Work to complete:
No pictures belong in the copy. Reproduce exactly the lines beginning at the line containing "Shein Flirla Plus" and continuing to the end of the entries below.

Study material section start

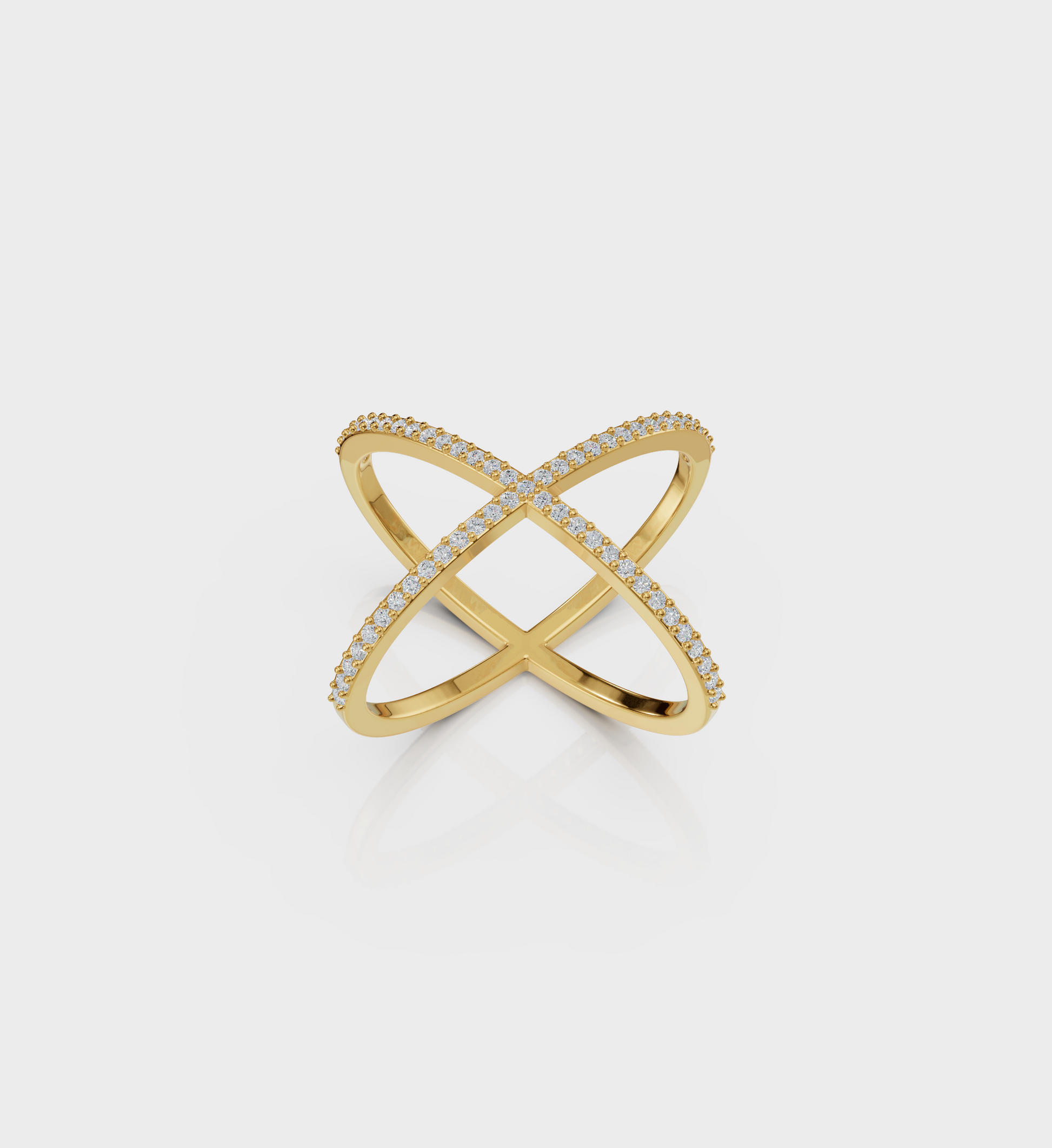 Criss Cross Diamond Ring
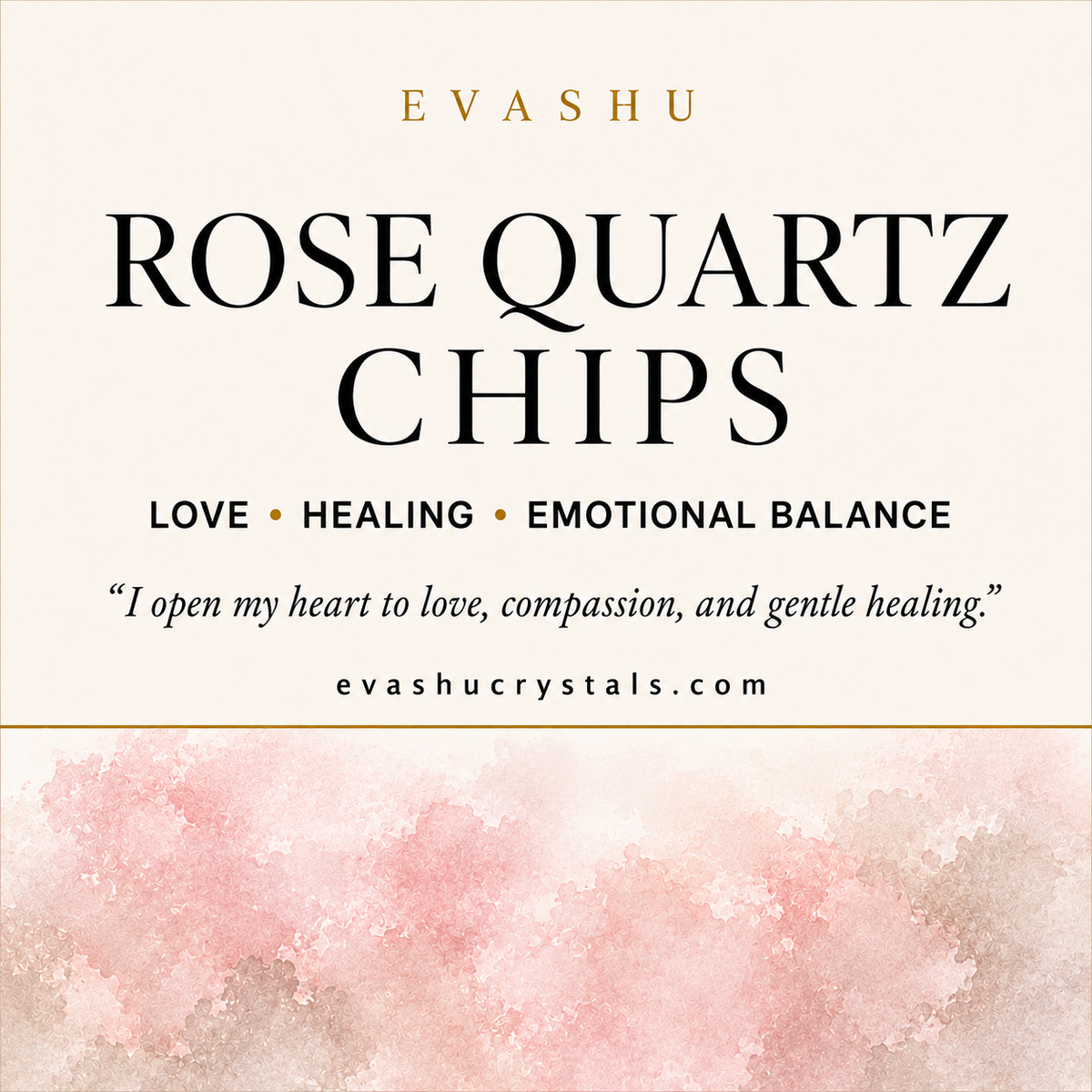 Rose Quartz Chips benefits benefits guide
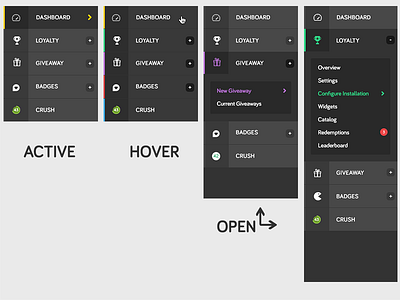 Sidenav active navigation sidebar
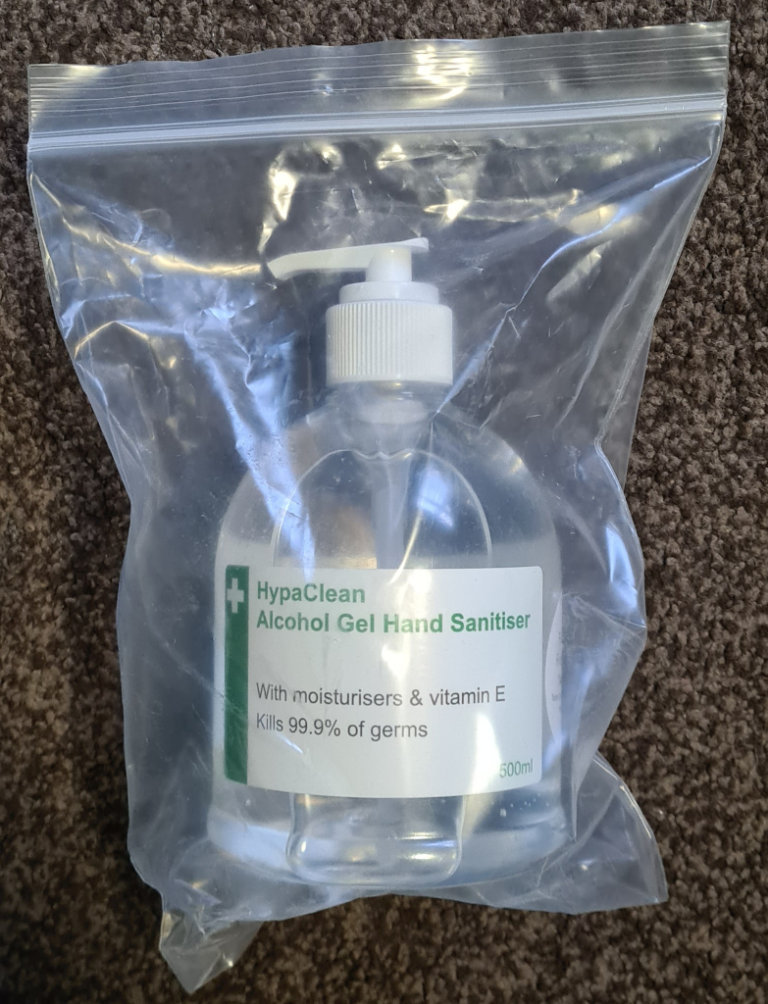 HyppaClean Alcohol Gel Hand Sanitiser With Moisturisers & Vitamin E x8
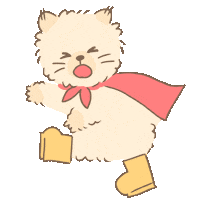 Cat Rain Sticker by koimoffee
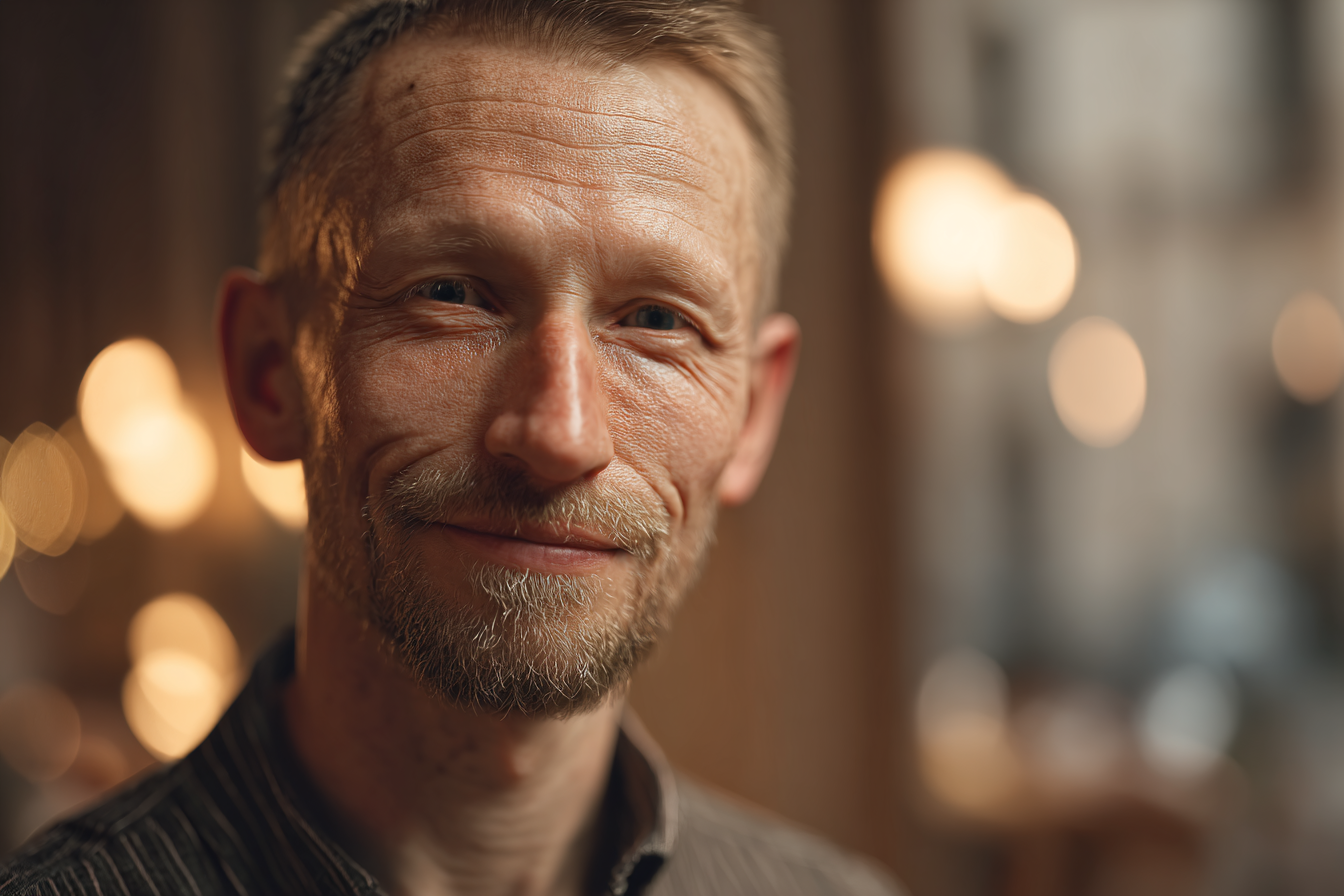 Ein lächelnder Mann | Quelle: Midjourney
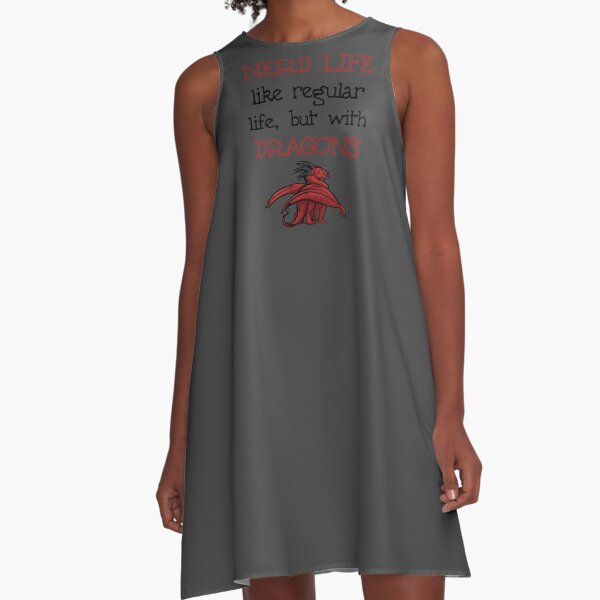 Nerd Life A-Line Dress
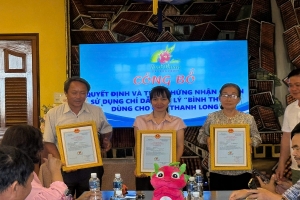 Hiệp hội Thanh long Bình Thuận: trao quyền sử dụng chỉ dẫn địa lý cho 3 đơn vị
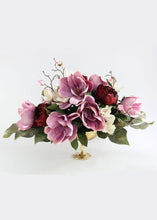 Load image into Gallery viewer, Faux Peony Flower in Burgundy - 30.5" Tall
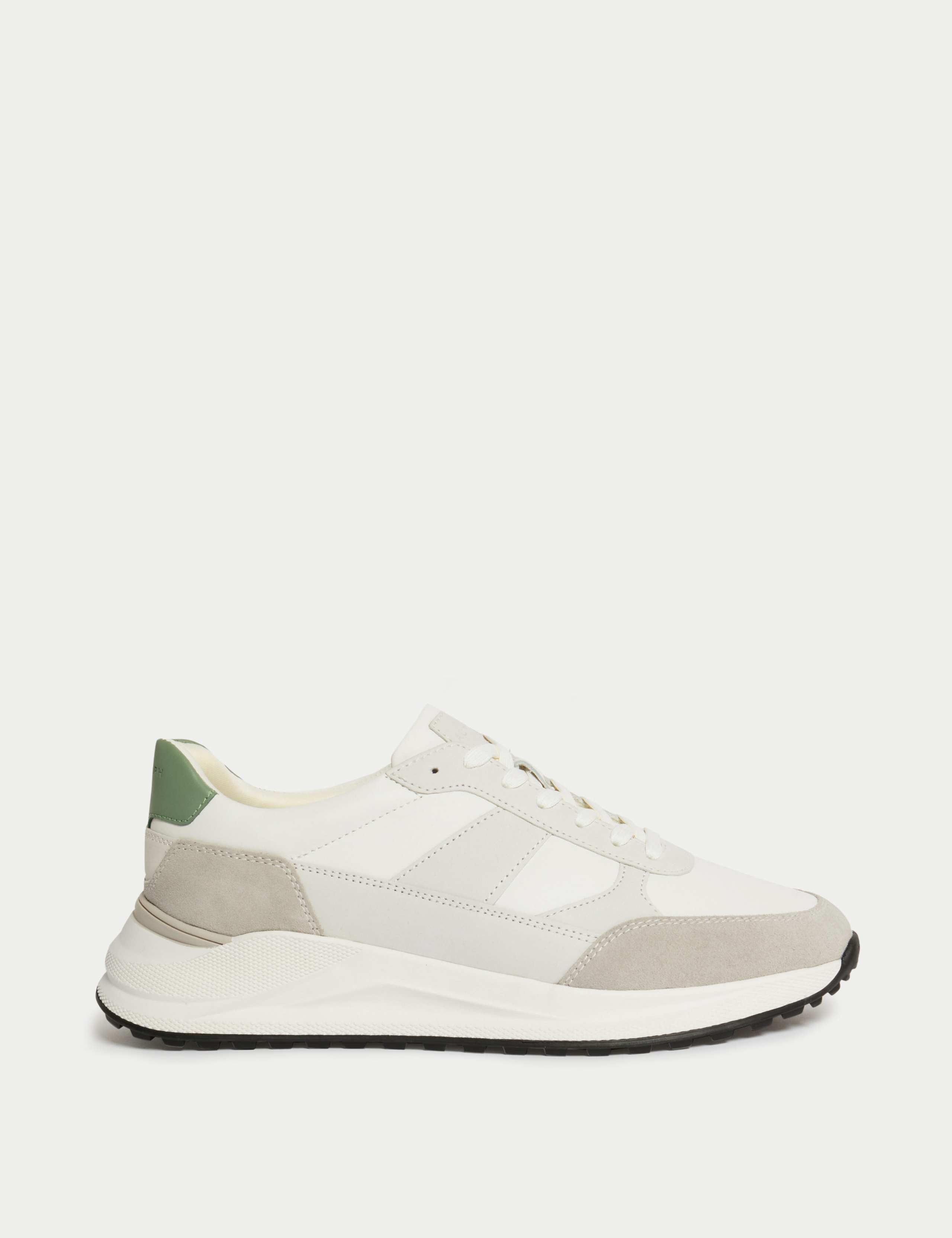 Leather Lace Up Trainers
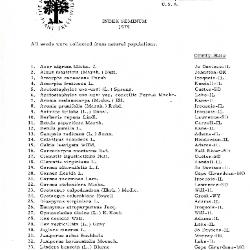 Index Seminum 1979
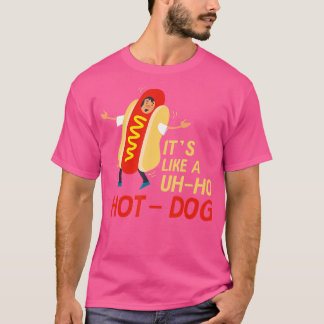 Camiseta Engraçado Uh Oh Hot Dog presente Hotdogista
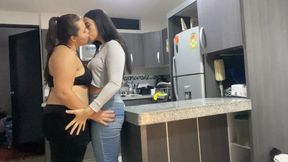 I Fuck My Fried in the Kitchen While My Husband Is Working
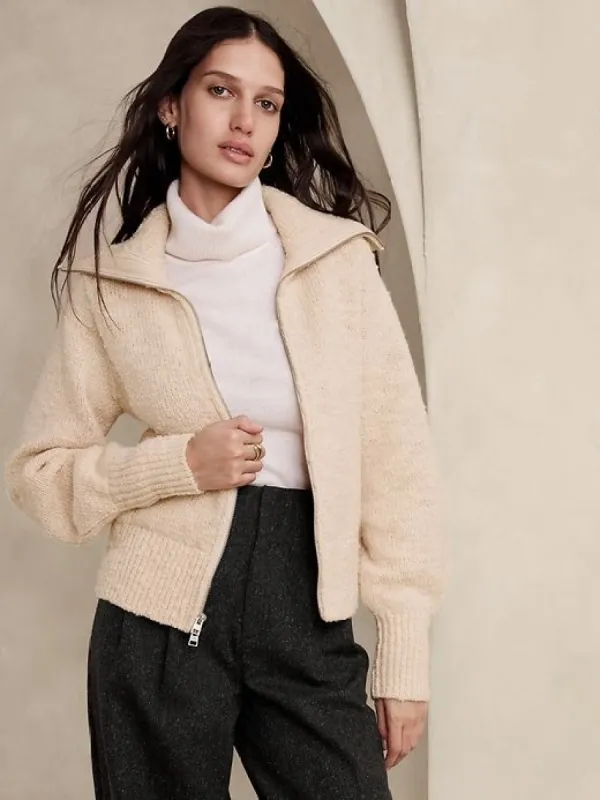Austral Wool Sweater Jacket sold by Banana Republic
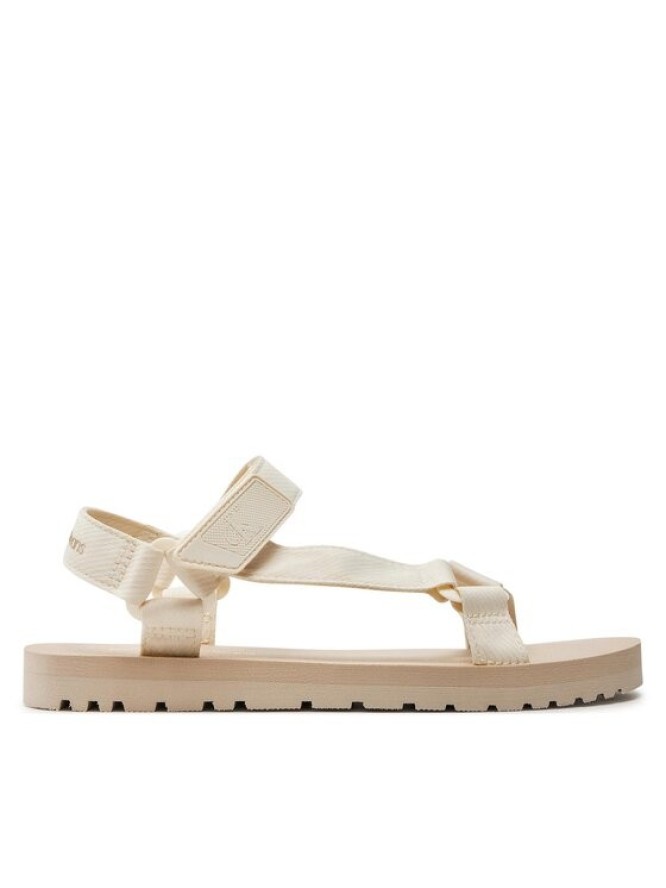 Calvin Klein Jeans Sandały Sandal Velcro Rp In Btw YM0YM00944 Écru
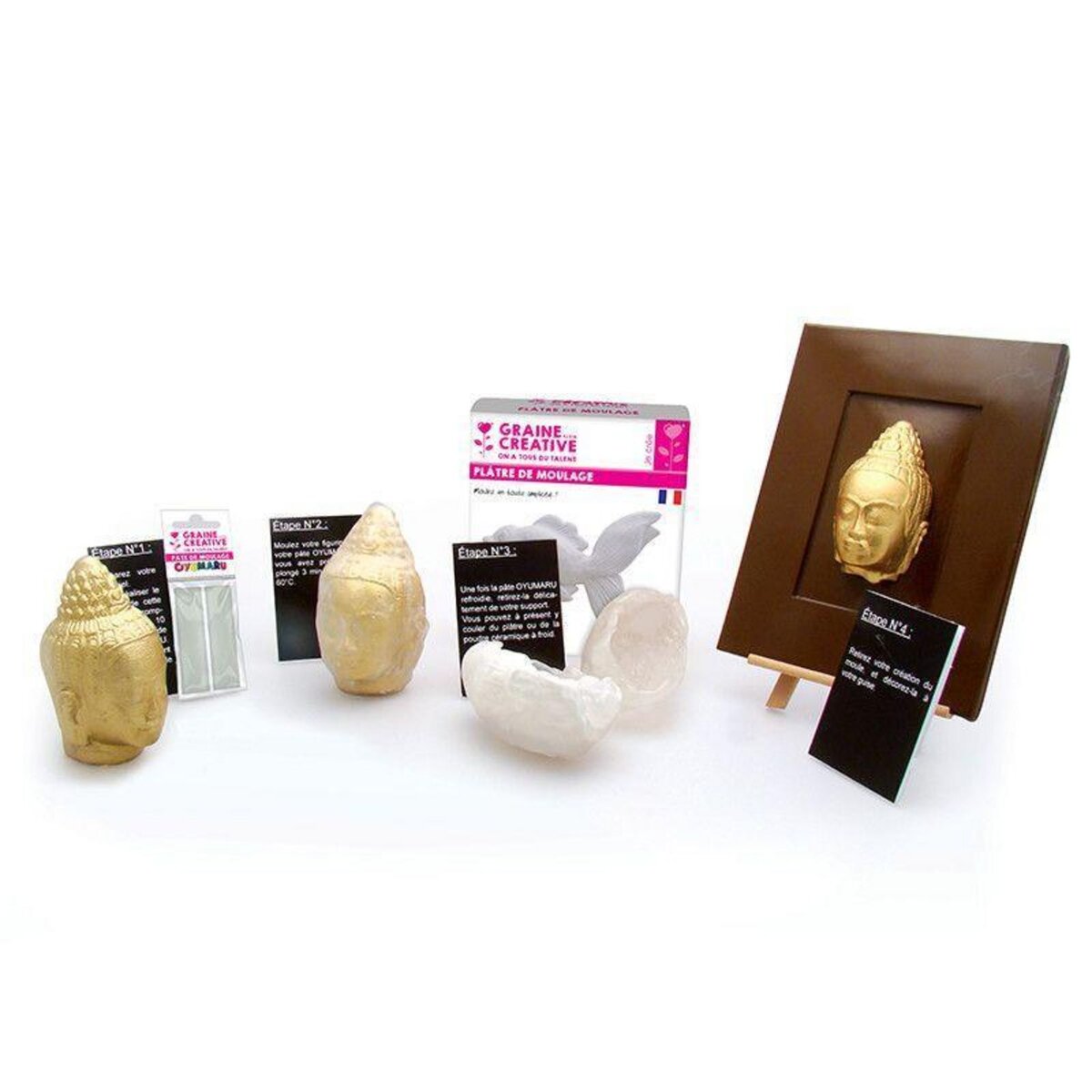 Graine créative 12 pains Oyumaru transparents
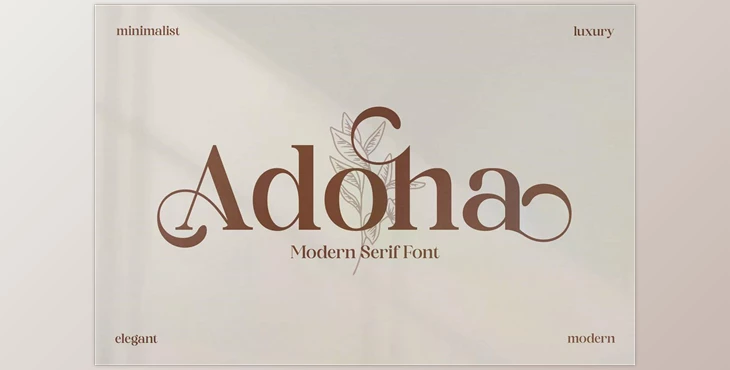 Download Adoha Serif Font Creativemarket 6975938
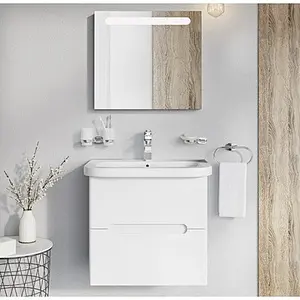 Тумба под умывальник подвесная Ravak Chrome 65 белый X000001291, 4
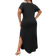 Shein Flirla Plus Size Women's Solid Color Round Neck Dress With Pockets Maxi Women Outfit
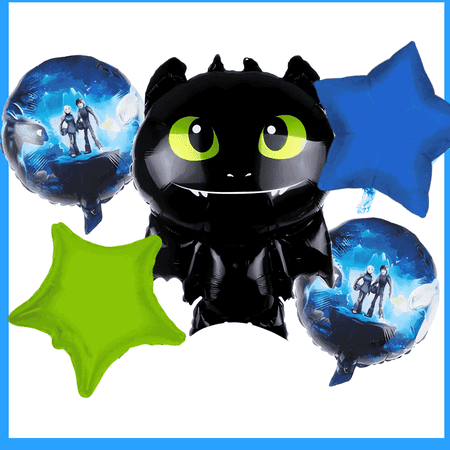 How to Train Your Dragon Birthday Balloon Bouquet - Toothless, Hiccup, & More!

Study material section end

Answer to this task:
 Shein Flirla Plus Size Women's Solid Color Round Neck Dress With Pockets Maxi Women Outfit
 How to Train Your Dragon Birthday Balloon Bouquet - Toothless, Hiccup, & More!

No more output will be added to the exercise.